Data shown:

= Beginning of Section =

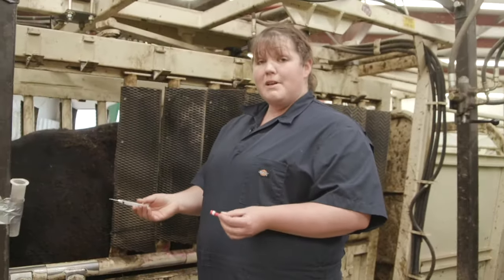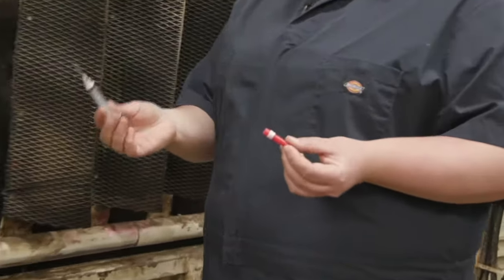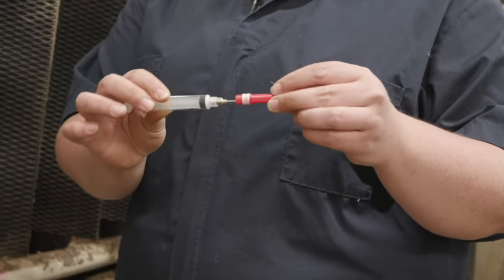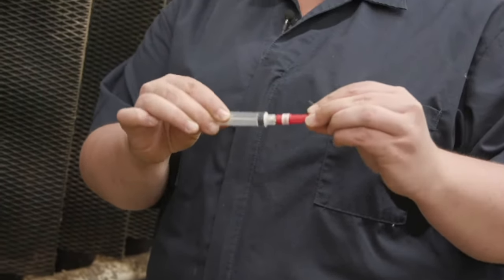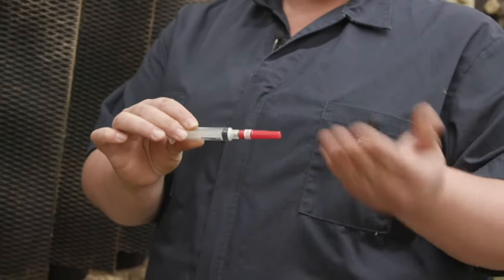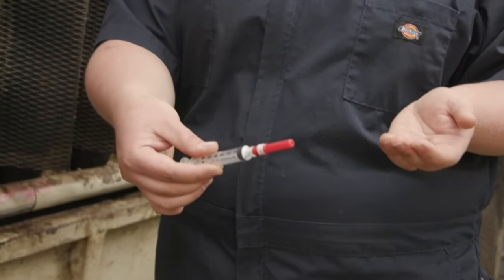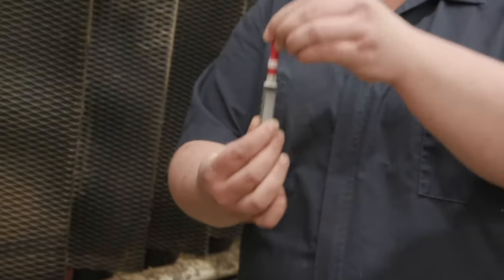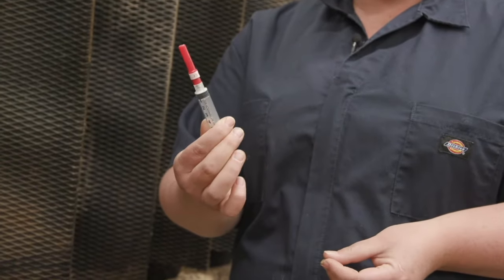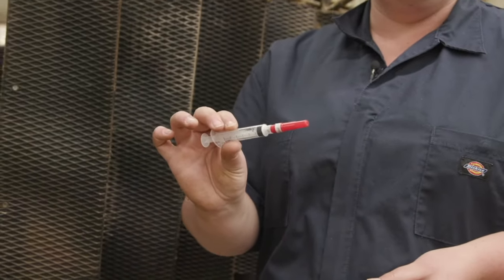When you go to recap a needle, be conscientious of where the sharp end is and where your cap is. If you're careful, you can cap it using your alternate hand. If you're not confident with that, place your cap on a flat surface, then slide your needle into the cap, lift it up, and press your cap on firmly. Once your cap is on, then you can discard your needle as needed.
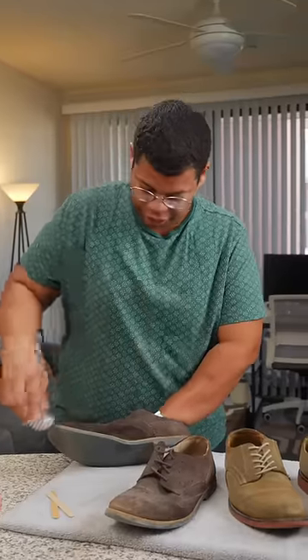Remove loose dirt with a dry microfiber cloth. Microfiber is great because it doesn't leave behind any lint. Next you'll need a small brush with firm bristles. You'll want to brush in one direction — this will remove dirt and brush out those fibers.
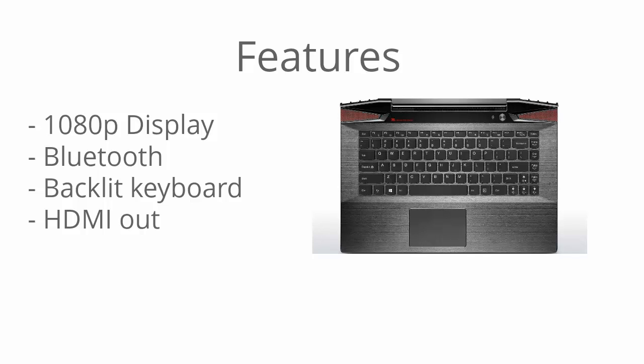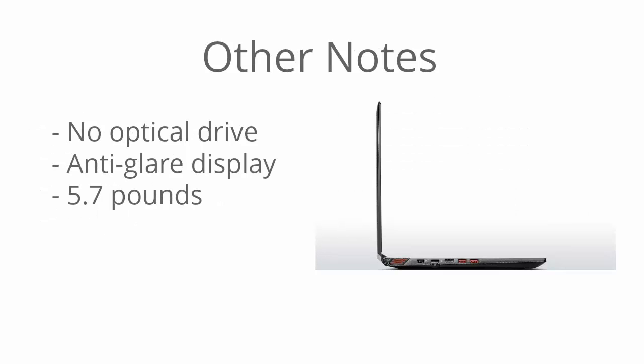A backlit keyboard is pretty much a must for a gaming laptop. It has HDMI out so you can hook up to an external display and play your games on a bigger screen. There's no optical drive in this model, but most drivers and software can be downloaded over the internet, and it also helps decrease the weight and make the laptop more portable.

= End of Section =

Exercise: Which lines run from the one containing "Remove loose dirt" to the end of the data above? Set down those lines exactly, and only those, without any pictures.

Expected answer:
Remove loose dirt with a dry microfiber cloth. Microfiber is great because it doesn't leave behind any lint. Next you'll need a small brush with firm bristles. You'll want to brush in one direction — this will remove dirt and brush out those fibers.
A backlit keyboard is pretty much a must for a gaming laptop. It has HDMI out so you can hook up to an external display and play your games on a bigger screen. There's no optical drive in this model, but most drivers and software can be downloaded over the internet, and it also helps decrease the weight and make the laptop more portable.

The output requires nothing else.